RECORDS FOR THIS TASK START

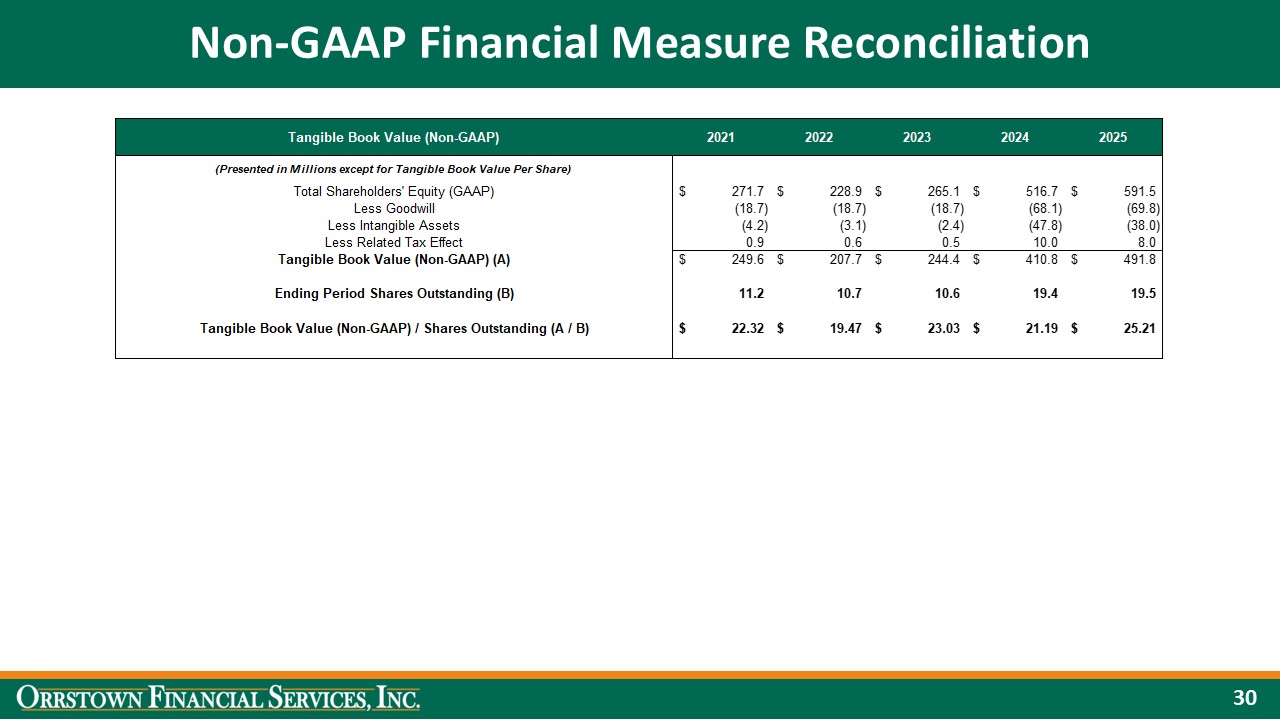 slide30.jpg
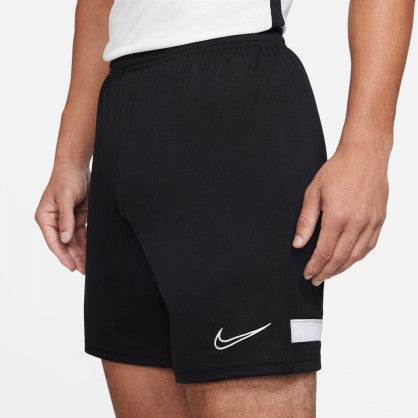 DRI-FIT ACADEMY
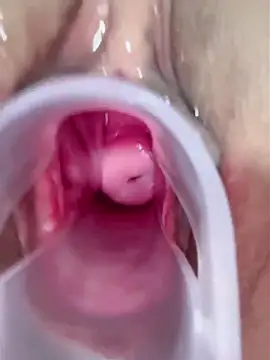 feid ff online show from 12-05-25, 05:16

RECORDS FOR THIS TASK END
RECORDS FOR THIS TASK START

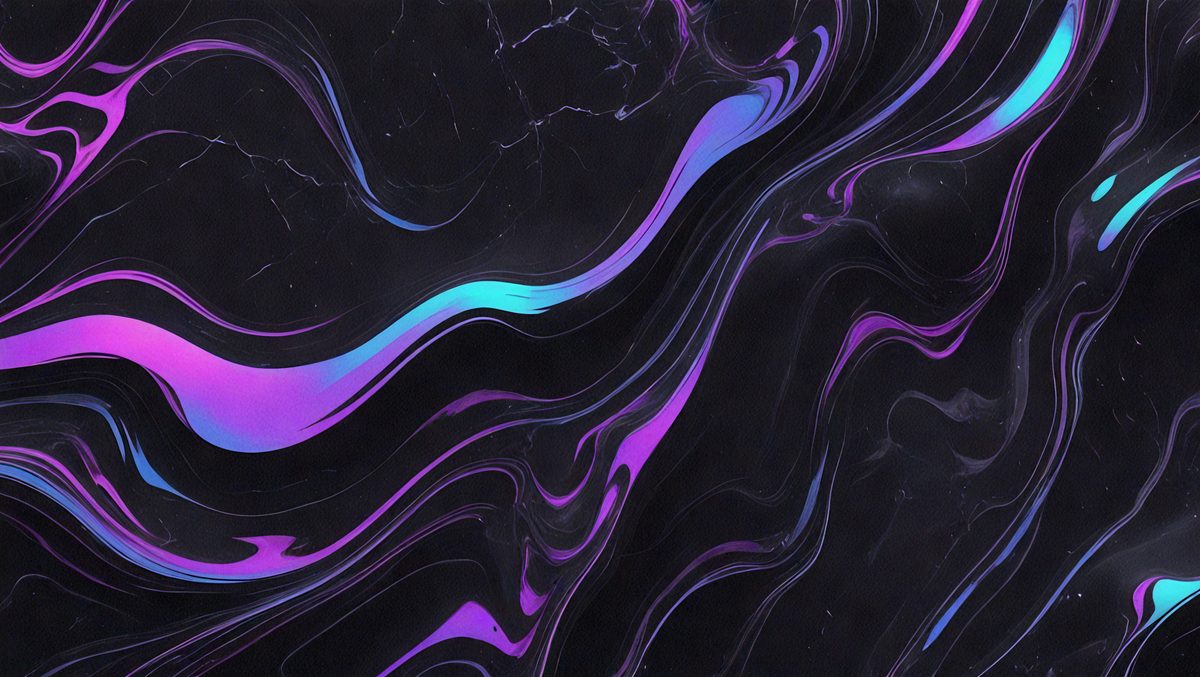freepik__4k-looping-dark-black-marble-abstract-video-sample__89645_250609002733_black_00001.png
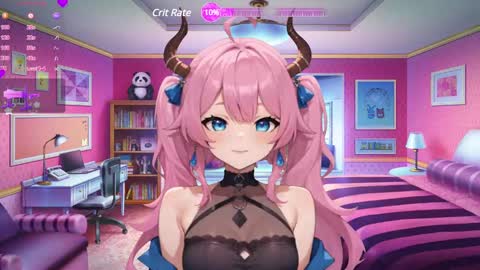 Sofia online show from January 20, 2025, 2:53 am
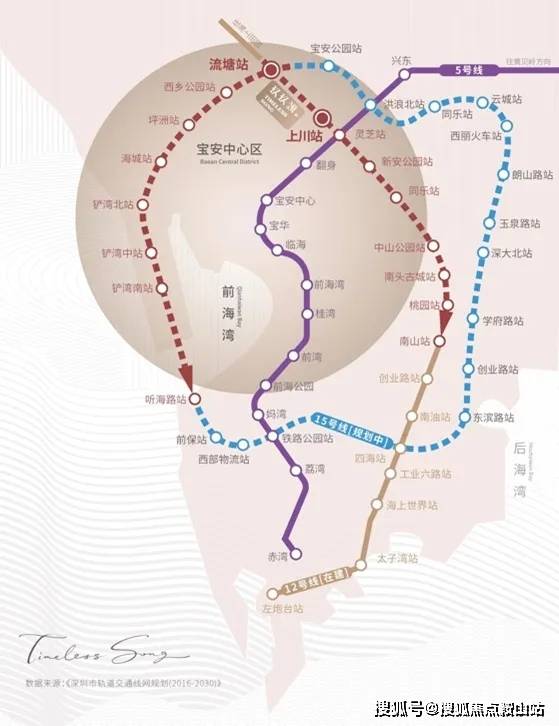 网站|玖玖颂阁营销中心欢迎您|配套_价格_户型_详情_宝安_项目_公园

RECORDS FOR THIS TASK END
RECORDS FOR THIS TASK START

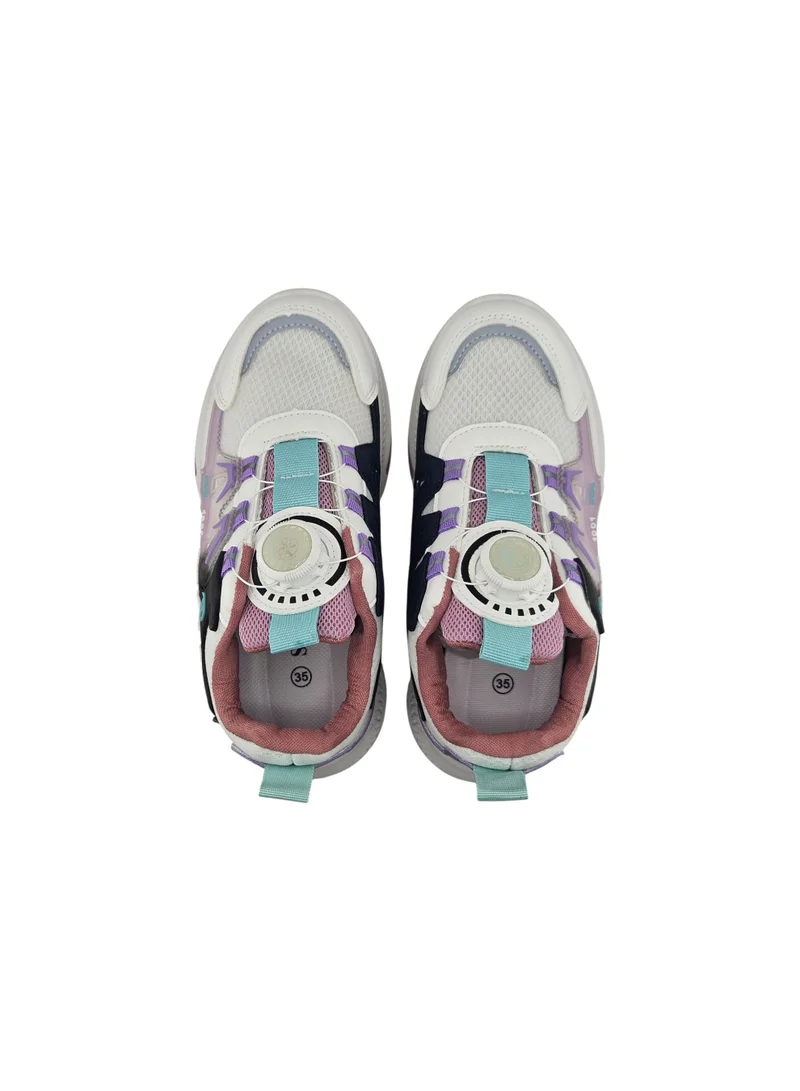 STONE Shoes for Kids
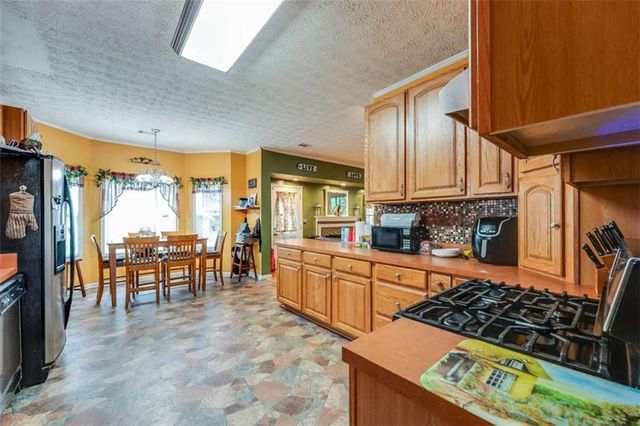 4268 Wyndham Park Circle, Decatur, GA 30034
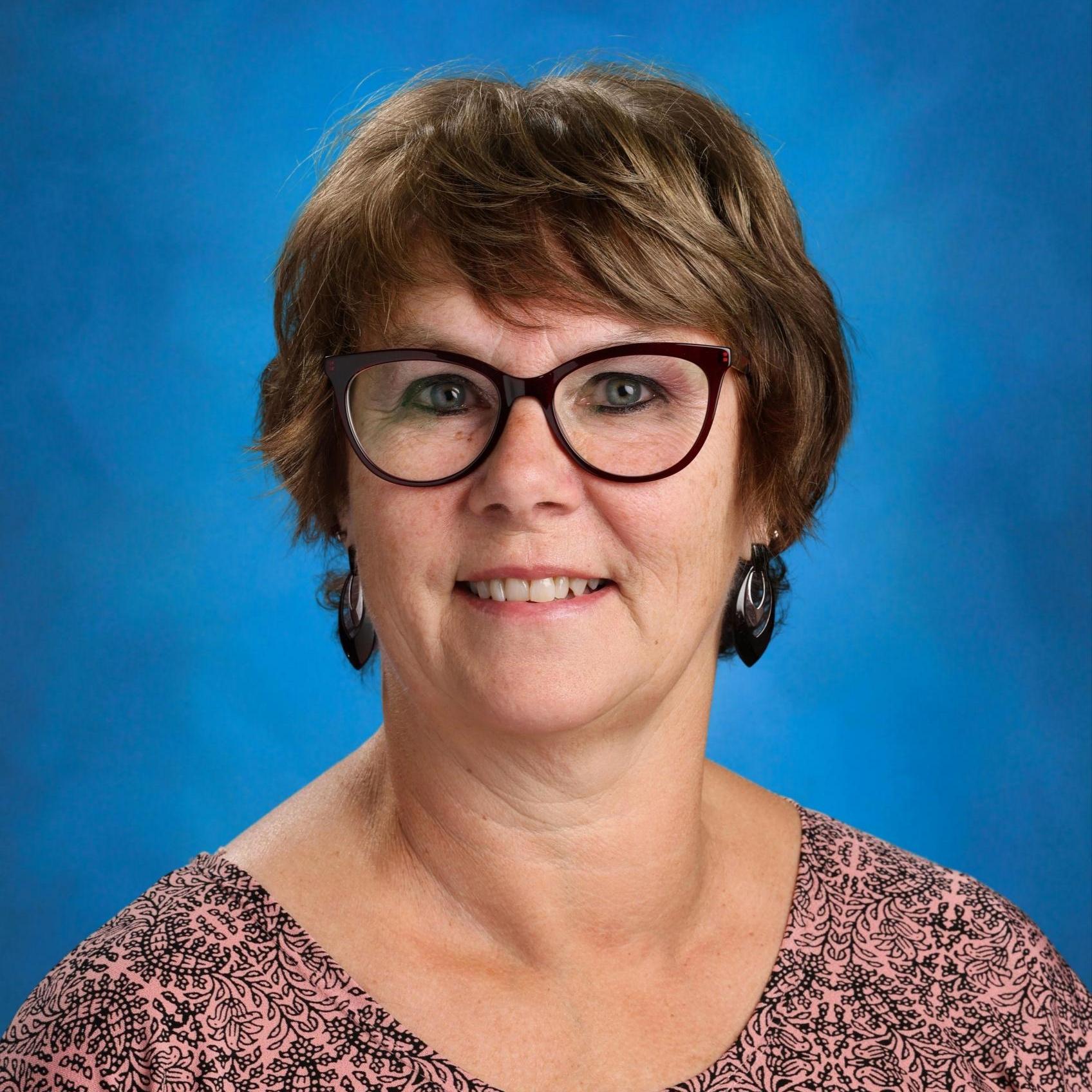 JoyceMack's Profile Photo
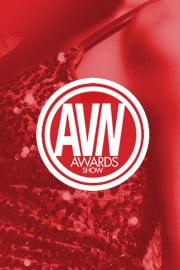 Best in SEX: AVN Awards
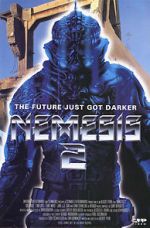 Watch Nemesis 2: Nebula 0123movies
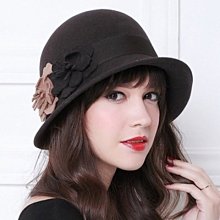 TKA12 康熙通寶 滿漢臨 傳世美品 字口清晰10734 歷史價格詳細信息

RECORDS FOR THIS TASK END

__HOW TO COMPLETE THIS TASK__:
Taking the records above, print only and exactly the lines from the line with "JoyceMack's Profile Photo" to the line with "TKA12 康熙通寶 滿漢臨 傳世美品 字口清晰10734 歷史價格詳細信息", both kept, and exclude pictures.

__ANSWER BOX__:
 JoyceMack's Profile Photo
 Best in SEX: AVN Awards
 Watch Nemesis 2: Nebula 0123movies
 TKA12 康熙通寶 滿漢臨 傳世美品 字口清晰10734 歷史價格詳細信息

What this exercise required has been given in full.